İngilizce içindeki hone ne anlama geliyor?

İngilizce'deki hone kelimesinin anlamı nedir? Makale, tam anlamını, telaffuzunu ve iki dilli örneklerle birlikte hone'ün İngilizce'te nasıl kullanılacağına ilişkin talimatları açıklamaktadır.

İngilizce içindeki hone kelimesi iyileştirmek, bilemek, bileği taşı, bileği, yerini saptamak anlamına gelir. Daha fazla bilgi için lütfen aşağıdaki ayrıntılara bakın.

telaffuz dinle

hone kelimesinin anlamı

iyileştirmek

transitive verb (figurative (refine: skills) (beceri)

(geçişli fiil: Fiillin belirttiği hareket ya da olay nesne üzerinde gerçekleşiyorsa yani bir nesneyi etkiliyorsa bu geçişli fiildir (örnek: "çocuk yemeğini yedi").)
Jane worked as an intern to continue to hone her skills before she applied for graduate school.

bilemek

transitive verb (sharpen: a blade) (bıçak, vb.)
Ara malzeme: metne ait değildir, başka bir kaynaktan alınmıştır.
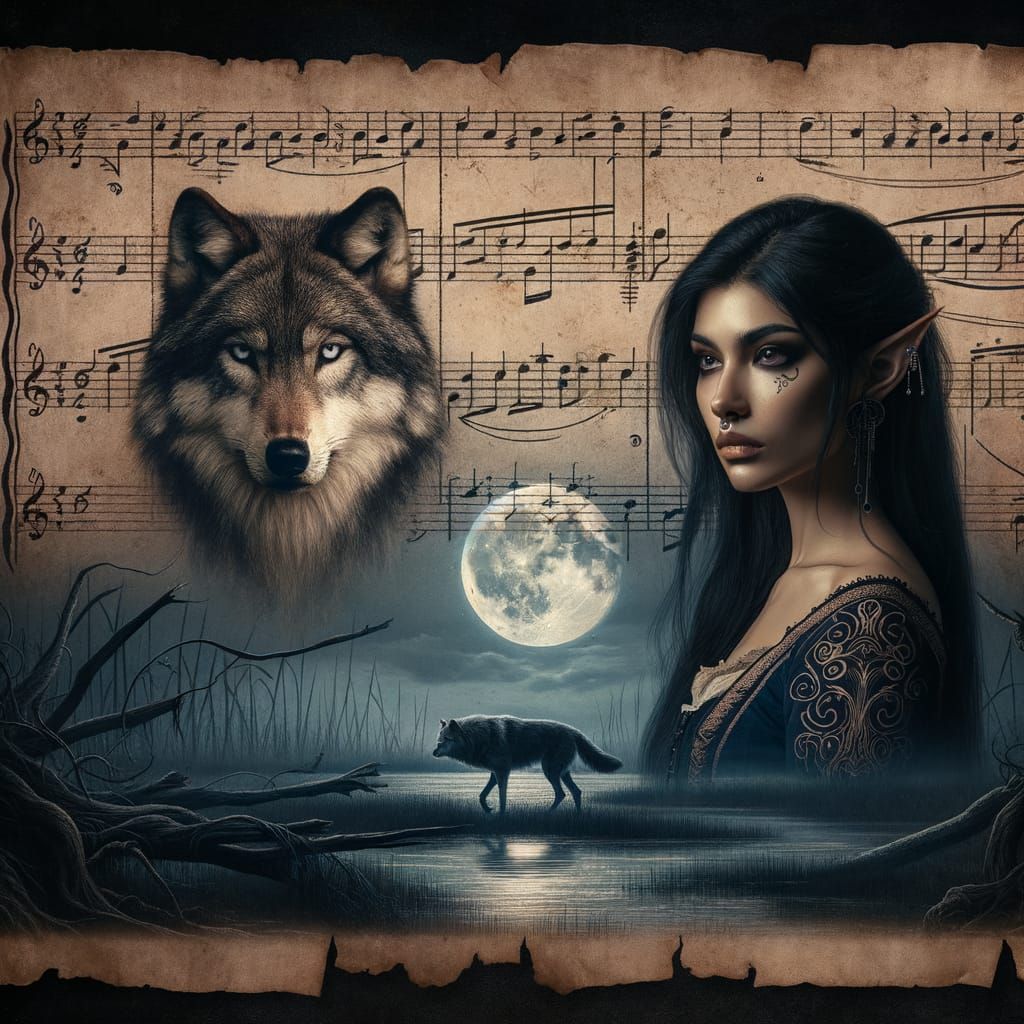 Viking Wolf on Parchment with Elf in Nocturnal Swamp
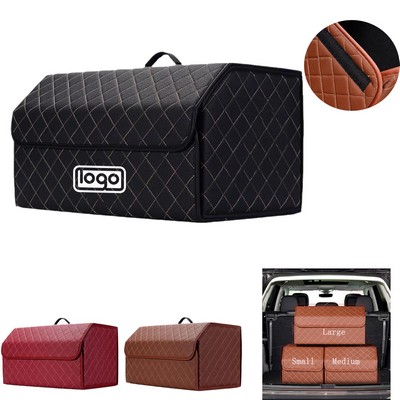 PU Leather Portable Car Storage Box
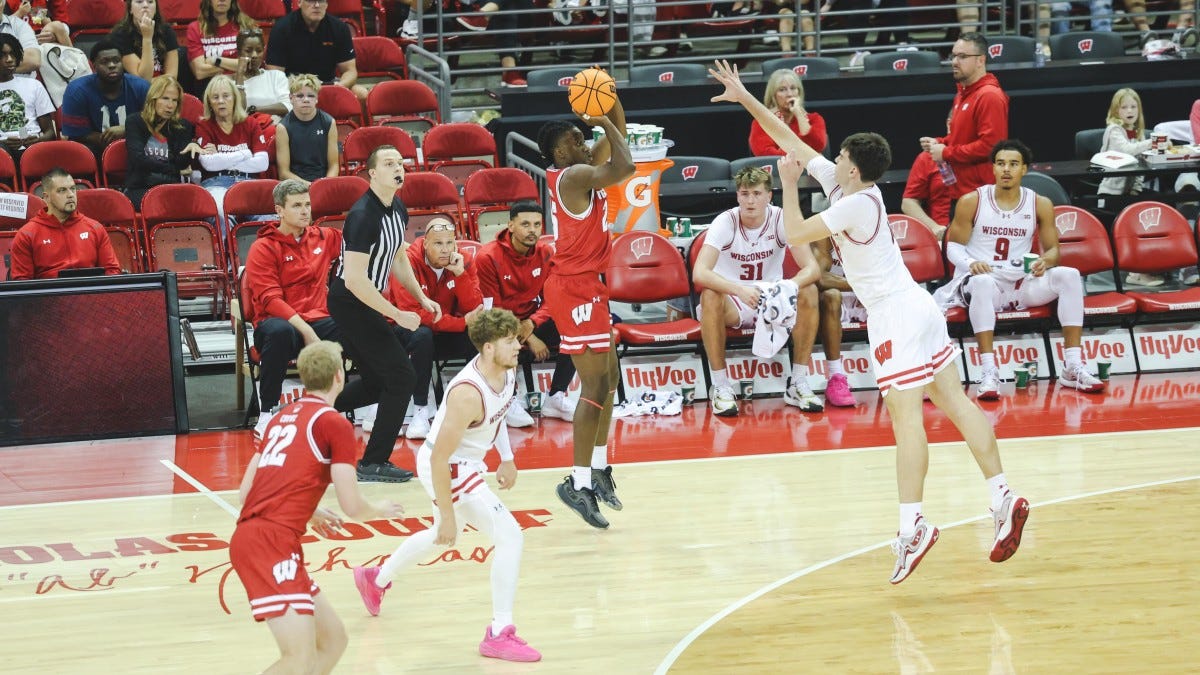 Wisconsin basketball center Riccardo Greppi had a standout performance during his team's annual intra-squad scrimmage Wisconsin basketball center Riccardo Greppi had a standout performance during his team's annual intra-squad scrimmage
(geçişli fiil: Fiillin belirttiği hareket ya da olay nesne üzerinde gerçekleşiyorsa yani bir nesneyi etkiliyorsa bu geçişli fiildir (örnek: "çocuk yemeğini yedi").)
The butcher honed his knife while he talked to a customer.

bileği taşı, bileği

noun (whetstone)

(isim: Canlı cansız bütün varlıkları ve kavramları ifade eder.)
My grandfather still sharpens his razors on his old hone.

yerini saptamak

intransitive verb (US (locate or target)

(fiil: Varlıkların ve kavramların (isimlerin) yapmış oldukları hareketleri, içinde bulundukları durumları, etkilendikleri işleri ifade eder.)
The missile uses a sensor to hone in on its target.

İngilizce öğrenelim

Artık hone'ün İngilizce içindeki anlamı hakkında daha fazla bilgi sahibi olduğunuza göre, seçilen örnekler aracılığıyla bunların nasıl kullanılacağını ve nasıl yapılacağını öğrenebilirsiniz. onları okuyun. Ve önerdiğimiz ilgili kelimeleri öğrenmeyi unutmayın. Web sitemiz sürekli olarak yeni kelimeler ve yeni örneklerle güncellenmektedir, böylece bilmediğiniz diğer kelimelerin anlamlarını İngilizce içinde arayabilirsiniz.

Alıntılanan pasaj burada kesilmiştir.